→ AIM OF THE EXERCISE: With the pictures omitted, set down exactly the lines from the one that contains "This stunning red" through the last line of the data.

→ SUPPLIED MATERIAL:
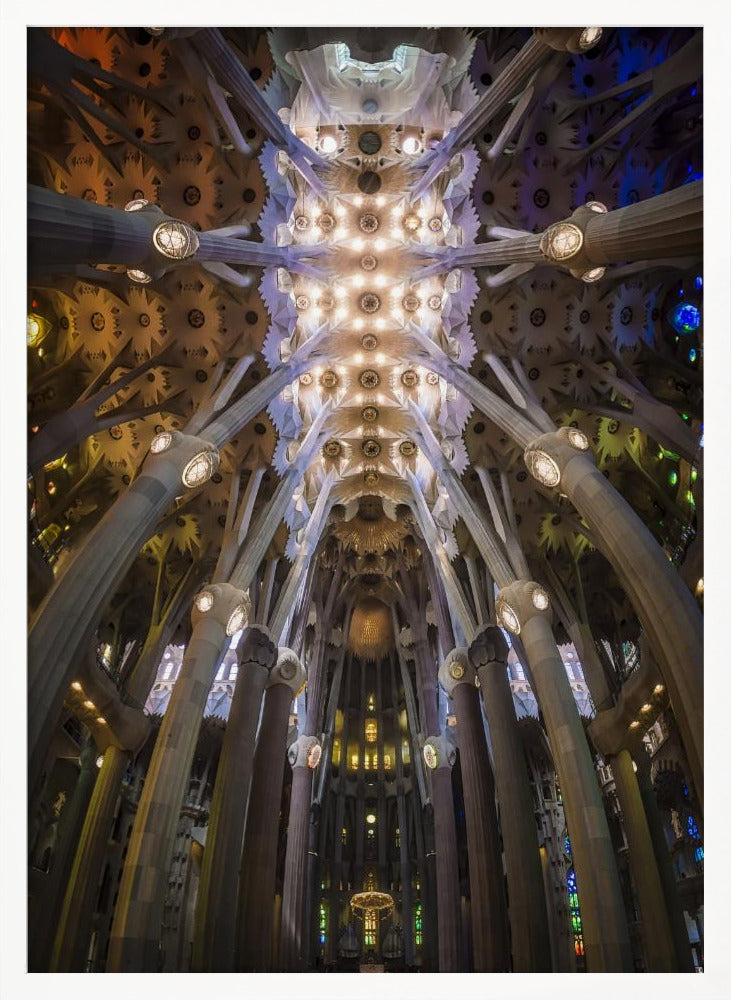 A low-angle, symmetrical photograph looking up at the incredibly ornate and complex vaulted ceiling of the Sagrada Familia Basilica. The massive stone columns branch out like trees, supporting the intricately detailed ceiling illuminated by warm, glowing lights and splashes of color from unseen stained glass windows. Poster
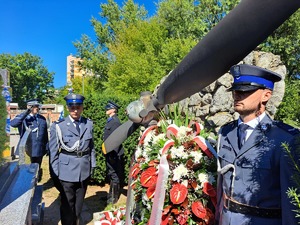 grób st.post. PP Antoniego Krupy, przy grobie stoi policjant odwzorowujący umundurowanie policjanta Policji Państwowej oraz policjant w obecnym umundurowaniu galowym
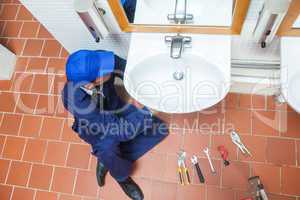 Plumber with cap repairing sink
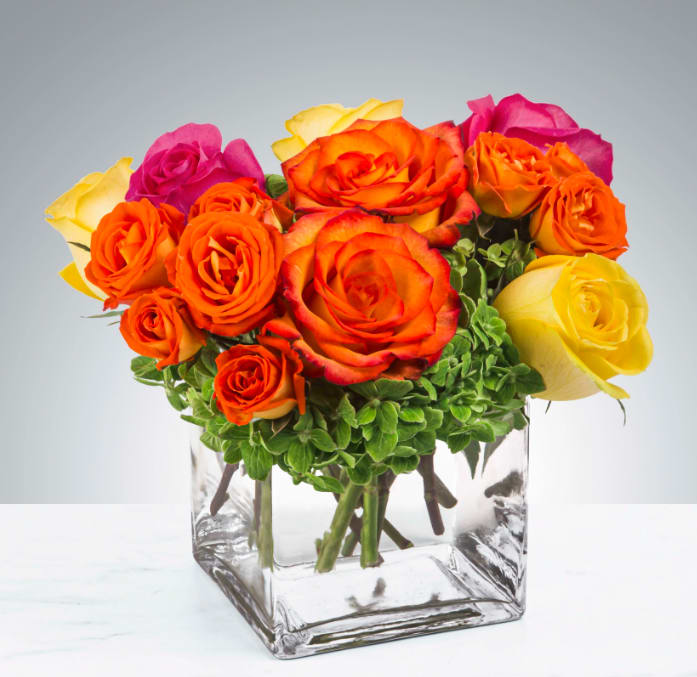 Bright Morning by BloomNation™ - Pink, yellow and orange roses and spray roses come together with green hydrangea for a bright cube of sunshine. This arrangement lights up any space and will improve anybody's day. A perfect gift for all occasions.   APPROXIMATE DIMENSIONS 10" W X 11" H 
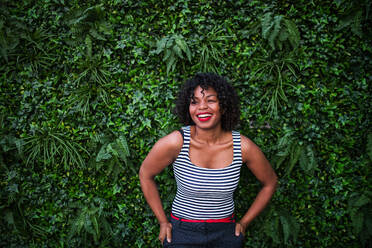 Ein Porträt einer schwarzen lachenden Frau vor einem grünen Hintergrund aus Buschblättern. - HPIF30272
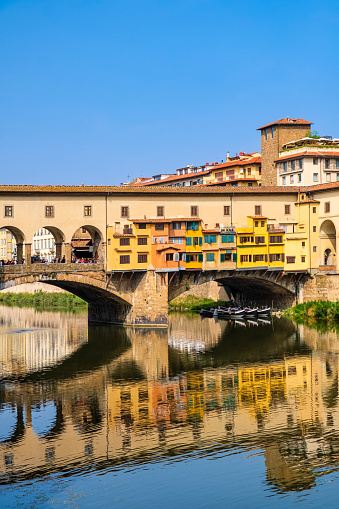 Tourists on the famous Ponte Vecchio - Old Bridge - of Florence, a medieval stone closed bridge over the Arno River that is one of the historic landmarks of the city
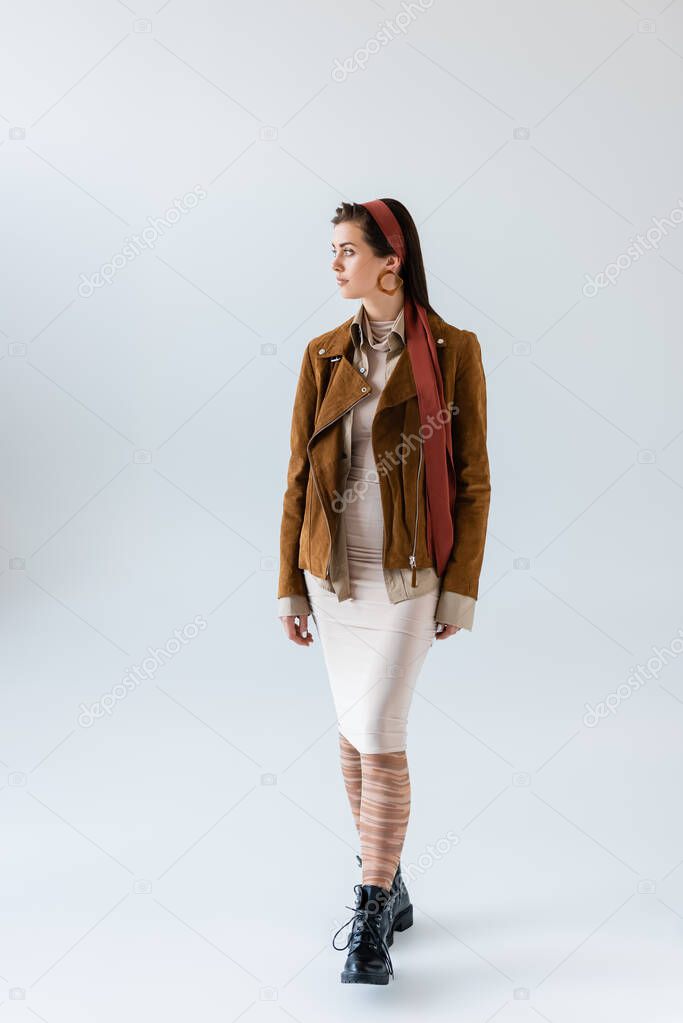 Full length view of attractive, stylish woman in autumn outfit looking away on grey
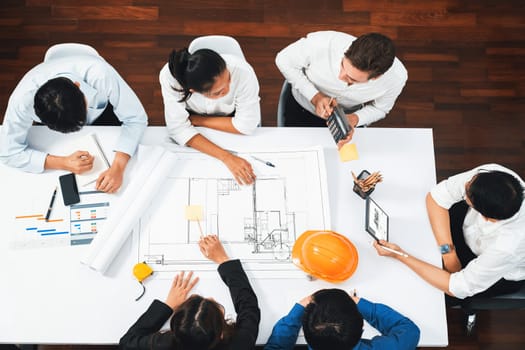 Top view banner of diverse group of civil engineer and client working together on architectural project, reviewing construction plan and building blueprint at meeting table. Prudent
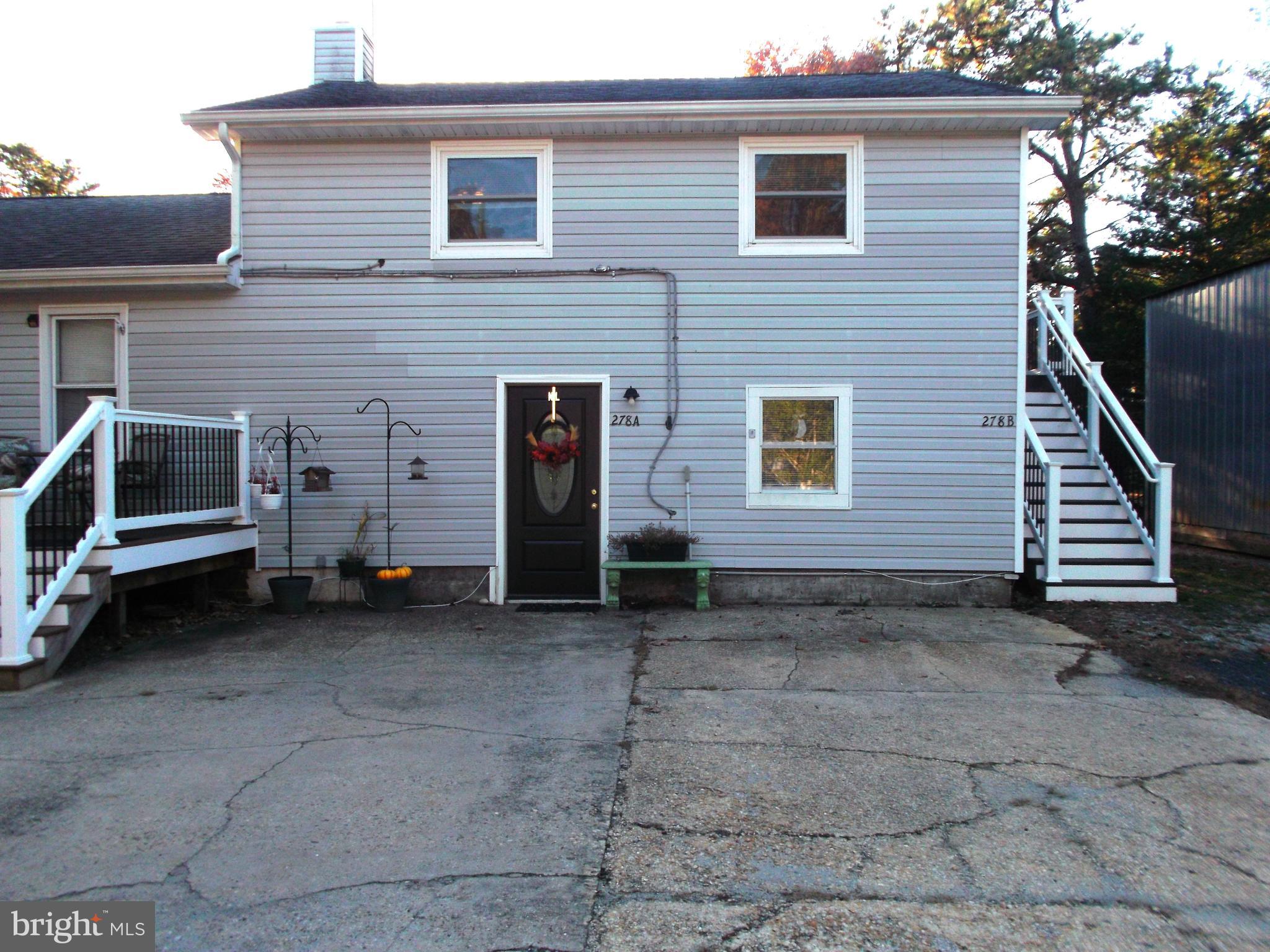 278 Ridge Road Browns Mills, NJ 08015 - Photo 20 of 22 a view of a house with a yard and garage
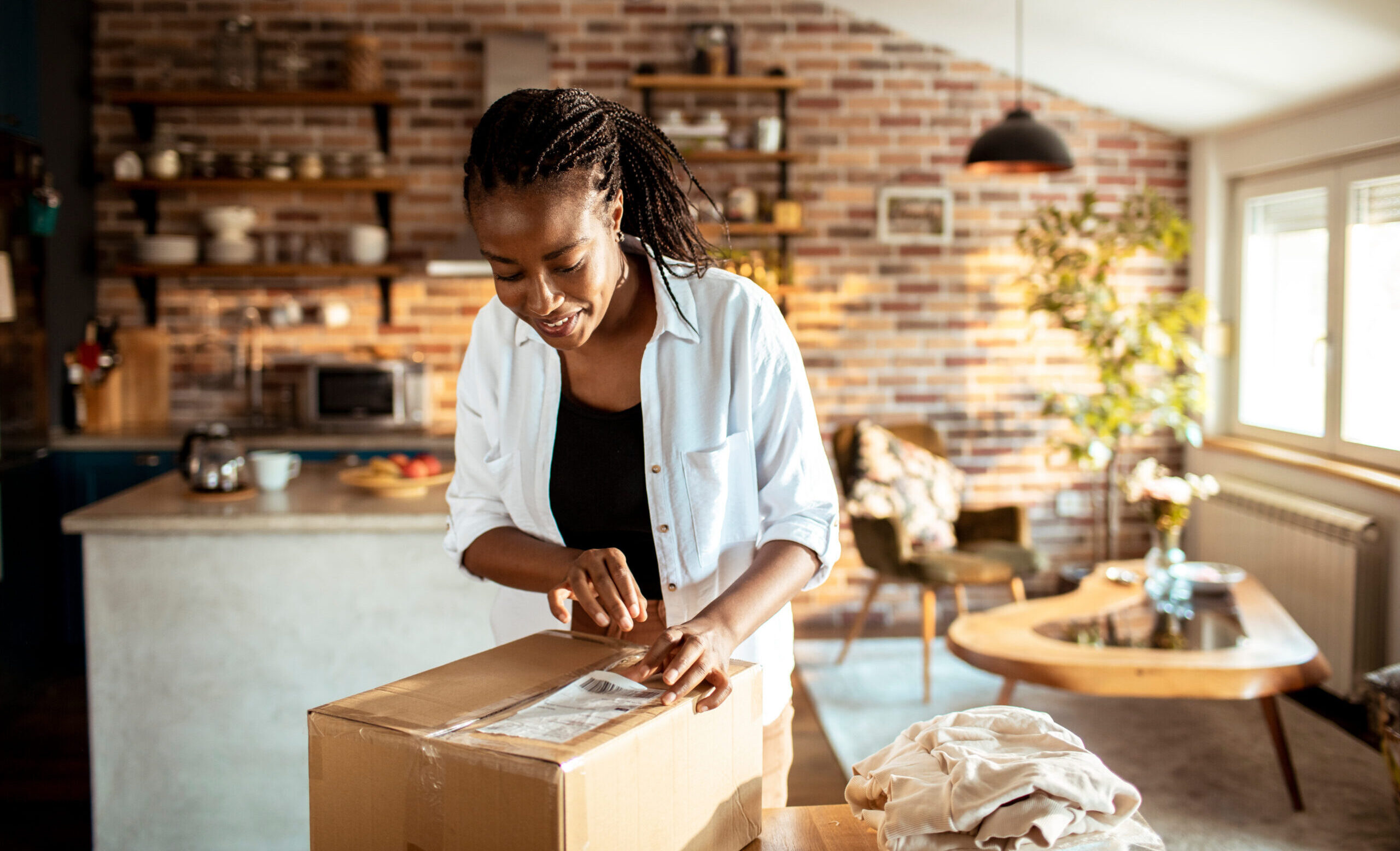 Young woman opening up the package she received in the mail at home in the kitchen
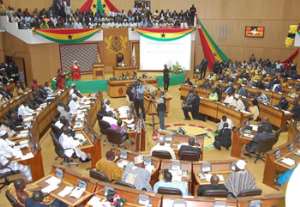 Parliament observes a minutes silence for late President Mills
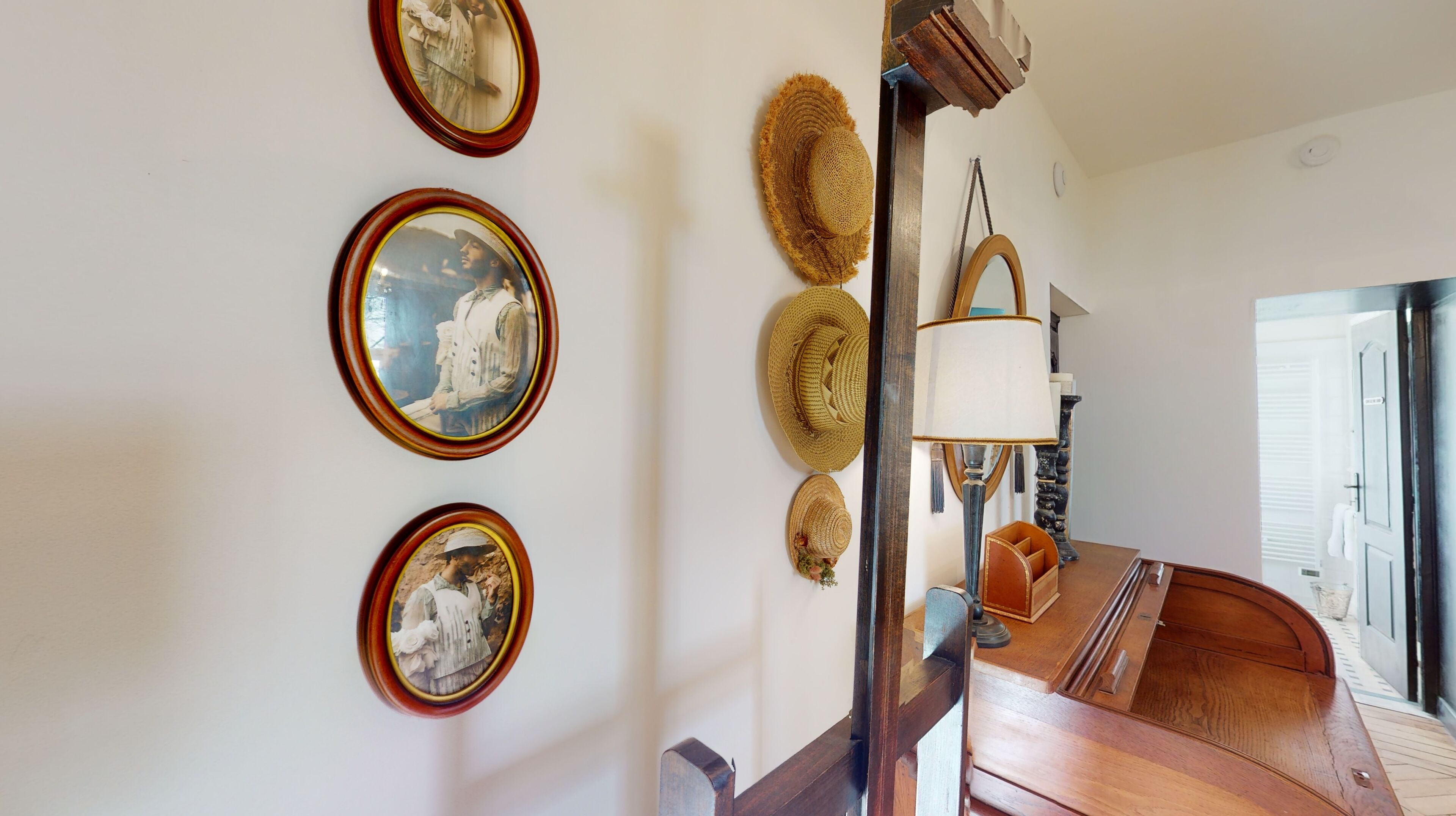 A hallway with framed pictures on the wall, a lamp, and a wooden bench.
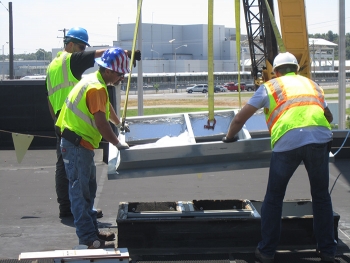 Crews installed new heating, ventilation, and air-conditioning units on an EM office building roof.
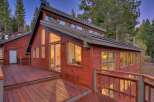 This stunning red wooden home is nestled amongst tall pine trees, offering a serene and private retreat.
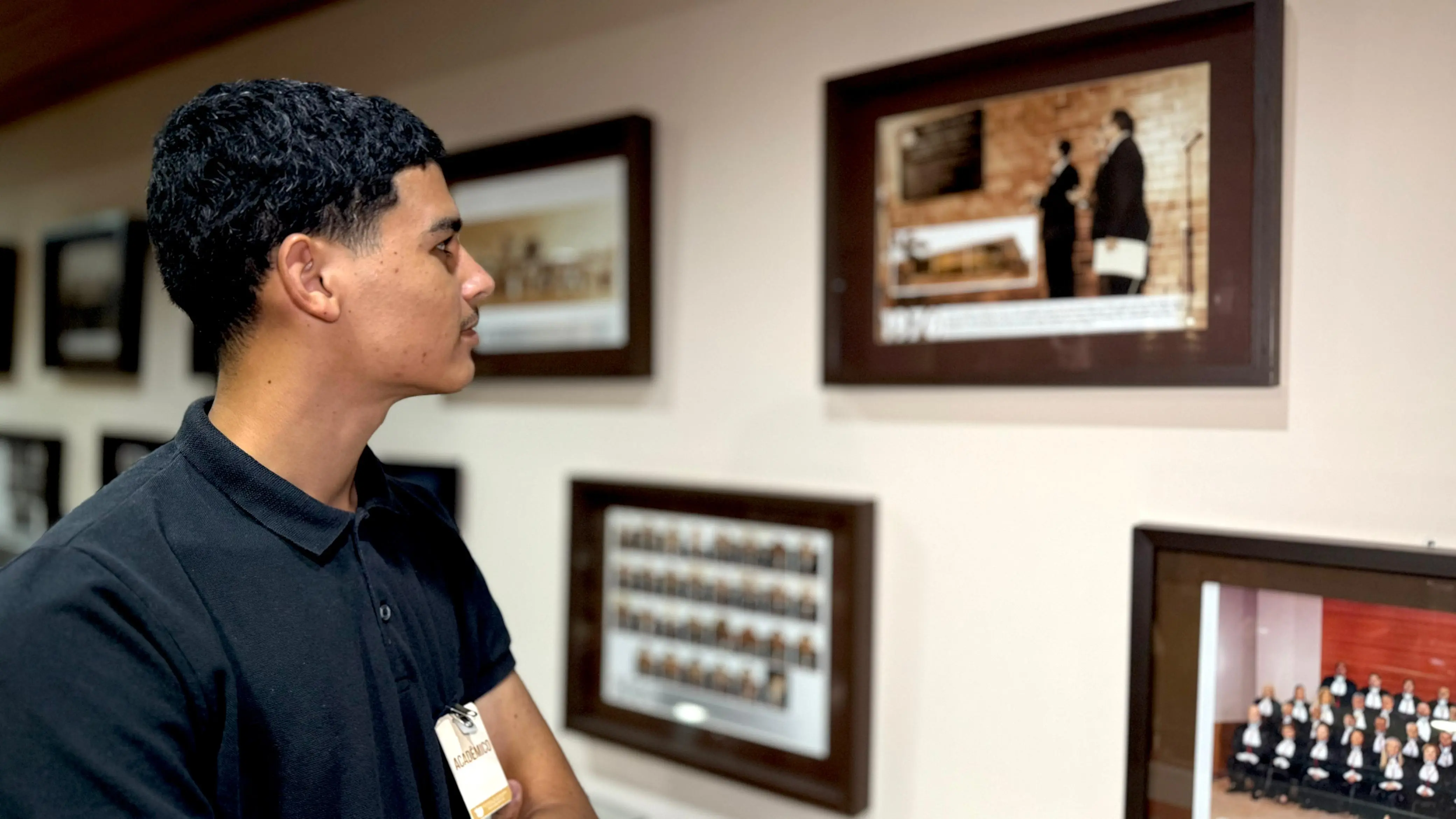 Rapaz, Estudante de Direito, observa quadros de fotos expostos na parede do Espaço Memória do Tribunal de Justiça.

→ EXERCISE RESULT:
 This stunning red wooden home is nestled amongst tall pine trees, offering a serene and private retreat.
 Rapaz, Estudante de Direito, observa quadros de fotos expostos na parede do Espaço Memória do Tribunal de Justiça.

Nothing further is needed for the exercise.